-- Work order --
Exactly the lines below from the one with "Solved to write" up to and including the one with "Obraz premium dark wings against a fiery sky" make up the answer, with nothing else added.
[[ Exercise materials, beginning ]]
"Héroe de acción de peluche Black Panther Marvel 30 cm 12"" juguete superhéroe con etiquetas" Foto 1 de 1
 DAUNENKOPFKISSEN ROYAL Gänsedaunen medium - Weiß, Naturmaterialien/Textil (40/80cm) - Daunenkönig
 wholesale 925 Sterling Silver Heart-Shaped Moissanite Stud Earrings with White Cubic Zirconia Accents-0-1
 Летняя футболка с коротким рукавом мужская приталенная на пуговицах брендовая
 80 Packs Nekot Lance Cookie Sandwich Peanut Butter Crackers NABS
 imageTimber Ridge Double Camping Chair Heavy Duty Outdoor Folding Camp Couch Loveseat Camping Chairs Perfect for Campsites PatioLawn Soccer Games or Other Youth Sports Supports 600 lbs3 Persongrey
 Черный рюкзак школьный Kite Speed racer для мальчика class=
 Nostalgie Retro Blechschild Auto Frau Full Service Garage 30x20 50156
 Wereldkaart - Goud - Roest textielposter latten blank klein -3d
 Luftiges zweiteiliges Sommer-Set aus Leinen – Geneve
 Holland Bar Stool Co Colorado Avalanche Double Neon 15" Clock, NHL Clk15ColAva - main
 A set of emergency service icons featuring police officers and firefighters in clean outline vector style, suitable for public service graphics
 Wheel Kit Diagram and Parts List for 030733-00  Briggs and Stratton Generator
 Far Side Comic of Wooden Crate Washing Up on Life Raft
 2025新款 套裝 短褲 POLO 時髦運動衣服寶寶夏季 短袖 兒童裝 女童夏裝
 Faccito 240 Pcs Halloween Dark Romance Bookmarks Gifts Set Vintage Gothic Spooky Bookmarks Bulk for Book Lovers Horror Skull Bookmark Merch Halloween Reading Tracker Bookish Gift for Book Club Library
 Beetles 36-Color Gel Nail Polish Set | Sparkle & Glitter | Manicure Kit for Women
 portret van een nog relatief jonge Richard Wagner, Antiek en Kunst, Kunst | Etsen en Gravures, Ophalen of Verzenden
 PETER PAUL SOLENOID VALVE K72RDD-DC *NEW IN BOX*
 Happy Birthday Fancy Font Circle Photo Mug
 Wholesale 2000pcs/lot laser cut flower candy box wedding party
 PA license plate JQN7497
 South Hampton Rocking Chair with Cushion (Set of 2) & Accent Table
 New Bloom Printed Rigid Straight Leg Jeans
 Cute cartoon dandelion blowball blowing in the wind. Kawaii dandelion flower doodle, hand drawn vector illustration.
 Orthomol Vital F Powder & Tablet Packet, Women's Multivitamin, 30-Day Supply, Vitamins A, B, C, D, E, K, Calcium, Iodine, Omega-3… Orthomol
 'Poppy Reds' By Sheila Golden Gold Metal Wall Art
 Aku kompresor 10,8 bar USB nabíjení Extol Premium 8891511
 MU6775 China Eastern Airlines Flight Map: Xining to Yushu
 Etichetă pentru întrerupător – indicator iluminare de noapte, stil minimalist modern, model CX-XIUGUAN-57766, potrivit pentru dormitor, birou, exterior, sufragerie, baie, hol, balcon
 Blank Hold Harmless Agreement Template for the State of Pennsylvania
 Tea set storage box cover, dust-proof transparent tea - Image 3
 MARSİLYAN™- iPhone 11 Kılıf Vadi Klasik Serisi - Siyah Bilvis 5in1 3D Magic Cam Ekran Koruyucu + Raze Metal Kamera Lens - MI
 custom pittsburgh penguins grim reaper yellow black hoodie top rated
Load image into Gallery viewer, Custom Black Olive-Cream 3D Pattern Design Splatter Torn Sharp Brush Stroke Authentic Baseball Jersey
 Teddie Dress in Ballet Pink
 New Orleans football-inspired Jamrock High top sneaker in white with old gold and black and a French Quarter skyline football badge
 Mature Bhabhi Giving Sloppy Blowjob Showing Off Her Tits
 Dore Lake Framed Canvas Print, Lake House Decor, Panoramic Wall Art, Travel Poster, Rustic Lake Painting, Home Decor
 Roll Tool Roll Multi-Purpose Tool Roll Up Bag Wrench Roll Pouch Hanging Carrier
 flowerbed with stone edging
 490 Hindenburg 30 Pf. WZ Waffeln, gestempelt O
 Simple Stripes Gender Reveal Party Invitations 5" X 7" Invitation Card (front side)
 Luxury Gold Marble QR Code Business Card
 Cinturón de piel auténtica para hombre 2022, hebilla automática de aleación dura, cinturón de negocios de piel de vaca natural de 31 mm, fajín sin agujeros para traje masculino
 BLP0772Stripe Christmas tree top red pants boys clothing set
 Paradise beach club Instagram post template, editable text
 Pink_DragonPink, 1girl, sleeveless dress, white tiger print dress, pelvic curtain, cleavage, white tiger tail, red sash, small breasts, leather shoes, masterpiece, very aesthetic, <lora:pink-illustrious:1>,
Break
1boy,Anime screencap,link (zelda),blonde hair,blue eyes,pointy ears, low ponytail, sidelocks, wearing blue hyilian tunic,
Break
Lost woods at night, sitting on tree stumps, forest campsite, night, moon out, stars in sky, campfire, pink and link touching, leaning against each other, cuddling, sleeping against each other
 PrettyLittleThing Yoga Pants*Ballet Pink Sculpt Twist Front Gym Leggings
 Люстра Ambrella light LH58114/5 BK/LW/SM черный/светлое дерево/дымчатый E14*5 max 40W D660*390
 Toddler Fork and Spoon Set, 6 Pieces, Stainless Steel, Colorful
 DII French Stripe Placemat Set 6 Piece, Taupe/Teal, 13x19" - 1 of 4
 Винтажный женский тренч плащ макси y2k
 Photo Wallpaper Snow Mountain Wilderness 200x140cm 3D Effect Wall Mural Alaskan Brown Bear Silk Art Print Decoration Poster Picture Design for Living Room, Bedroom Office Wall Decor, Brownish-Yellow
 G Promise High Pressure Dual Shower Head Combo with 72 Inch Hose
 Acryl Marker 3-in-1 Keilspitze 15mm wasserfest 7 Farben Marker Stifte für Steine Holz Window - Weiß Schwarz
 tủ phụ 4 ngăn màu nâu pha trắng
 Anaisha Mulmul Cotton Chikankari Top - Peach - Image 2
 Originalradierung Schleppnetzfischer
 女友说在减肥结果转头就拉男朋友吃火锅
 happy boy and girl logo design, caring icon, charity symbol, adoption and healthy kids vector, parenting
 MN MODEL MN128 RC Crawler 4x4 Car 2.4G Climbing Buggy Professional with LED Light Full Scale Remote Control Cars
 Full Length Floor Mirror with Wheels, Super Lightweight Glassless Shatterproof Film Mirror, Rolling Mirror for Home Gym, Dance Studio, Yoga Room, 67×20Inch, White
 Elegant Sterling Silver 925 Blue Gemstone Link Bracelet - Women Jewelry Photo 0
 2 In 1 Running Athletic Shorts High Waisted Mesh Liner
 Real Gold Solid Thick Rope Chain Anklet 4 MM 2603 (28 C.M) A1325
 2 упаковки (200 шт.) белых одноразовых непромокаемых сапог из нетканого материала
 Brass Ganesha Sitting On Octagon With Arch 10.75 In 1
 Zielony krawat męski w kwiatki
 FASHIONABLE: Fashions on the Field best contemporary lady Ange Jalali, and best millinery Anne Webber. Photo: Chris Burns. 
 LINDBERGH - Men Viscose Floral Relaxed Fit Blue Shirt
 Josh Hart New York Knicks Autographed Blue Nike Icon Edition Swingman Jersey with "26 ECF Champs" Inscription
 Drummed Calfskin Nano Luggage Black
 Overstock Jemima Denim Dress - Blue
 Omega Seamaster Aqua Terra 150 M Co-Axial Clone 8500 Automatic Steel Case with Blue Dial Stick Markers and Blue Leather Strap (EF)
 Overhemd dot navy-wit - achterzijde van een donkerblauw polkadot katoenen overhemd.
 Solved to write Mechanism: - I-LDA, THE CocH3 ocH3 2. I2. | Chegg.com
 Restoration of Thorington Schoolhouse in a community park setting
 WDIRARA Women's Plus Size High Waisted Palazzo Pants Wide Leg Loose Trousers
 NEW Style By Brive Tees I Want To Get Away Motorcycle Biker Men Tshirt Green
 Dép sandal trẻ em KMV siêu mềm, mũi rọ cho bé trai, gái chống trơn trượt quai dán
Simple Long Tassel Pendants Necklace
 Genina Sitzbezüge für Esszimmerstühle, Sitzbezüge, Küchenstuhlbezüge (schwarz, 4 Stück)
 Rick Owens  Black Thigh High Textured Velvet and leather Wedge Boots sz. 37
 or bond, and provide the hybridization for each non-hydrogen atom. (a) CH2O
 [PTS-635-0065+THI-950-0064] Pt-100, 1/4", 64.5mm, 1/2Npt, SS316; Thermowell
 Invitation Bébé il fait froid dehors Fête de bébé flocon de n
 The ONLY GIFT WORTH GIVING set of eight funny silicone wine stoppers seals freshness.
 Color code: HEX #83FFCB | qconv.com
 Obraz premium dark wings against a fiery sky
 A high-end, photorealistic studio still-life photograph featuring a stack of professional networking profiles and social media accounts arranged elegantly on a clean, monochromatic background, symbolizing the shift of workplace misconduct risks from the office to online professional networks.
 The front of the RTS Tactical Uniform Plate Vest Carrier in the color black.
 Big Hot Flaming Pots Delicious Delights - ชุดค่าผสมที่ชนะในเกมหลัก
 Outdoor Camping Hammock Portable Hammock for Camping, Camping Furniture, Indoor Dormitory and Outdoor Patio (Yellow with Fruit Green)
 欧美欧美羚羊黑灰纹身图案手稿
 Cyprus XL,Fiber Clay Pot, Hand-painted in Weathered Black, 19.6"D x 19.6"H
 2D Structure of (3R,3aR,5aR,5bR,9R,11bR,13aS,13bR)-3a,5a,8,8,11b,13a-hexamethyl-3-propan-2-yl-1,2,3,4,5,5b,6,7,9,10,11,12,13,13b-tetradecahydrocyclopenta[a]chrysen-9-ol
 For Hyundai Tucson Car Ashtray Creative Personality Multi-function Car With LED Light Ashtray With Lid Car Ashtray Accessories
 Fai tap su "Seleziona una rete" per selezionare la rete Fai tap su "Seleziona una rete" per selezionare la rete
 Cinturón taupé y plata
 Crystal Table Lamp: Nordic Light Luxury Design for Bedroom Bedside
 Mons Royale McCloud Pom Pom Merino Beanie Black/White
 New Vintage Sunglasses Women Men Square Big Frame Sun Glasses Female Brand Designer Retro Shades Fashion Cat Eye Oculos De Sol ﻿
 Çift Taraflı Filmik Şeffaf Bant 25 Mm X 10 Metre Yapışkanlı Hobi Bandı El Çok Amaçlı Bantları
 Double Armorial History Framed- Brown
[[ Exercise materials, end ]]
-- Answer section --
 Solved to write Mechanism: - I-LDA, THE CocH3 ocH3 2. I2. | Chegg.com
 Restoration of Thorington Schoolhouse in a community park setting
 WDIRARA Women's Plus Size High Waisted Palazzo Pants Wide Leg Loose Trousers
 NEW Style By Brive Tees I Want To Get Away Motorcycle Biker Men Tshirt Green
 Dép sandal trẻ em KMV siêu mềm, mũi rọ cho bé trai, gái chống trơn trượt quai dán
Simple Long Tassel Pendants Necklace
 Genina Sitzbezüge für Esszimmerstühle, Sitzbezüge, Küchenstuhlbezüge (schwarz, 4 Stück)
 Rick Owens  Black Thigh High Textured Velvet and leather Wedge Boots sz. 37
 or bond, and provide the hybridization for each non-hydrogen atom. (a) CH2O
 [PTS-635-0065+THI-950-0064] Pt-100, 1/4", 64.5mm, 1/2Npt, SS316; Thermowell
 Invitation Bébé il fait froid dehors Fête de bébé flocon de n
 The ONLY GIFT WORTH GIVING set of eight funny silicone wine stoppers seals freshness.
 Color code: HEX #83FFCB | qconv.com
 Obraz premium dark wings against a fiery sky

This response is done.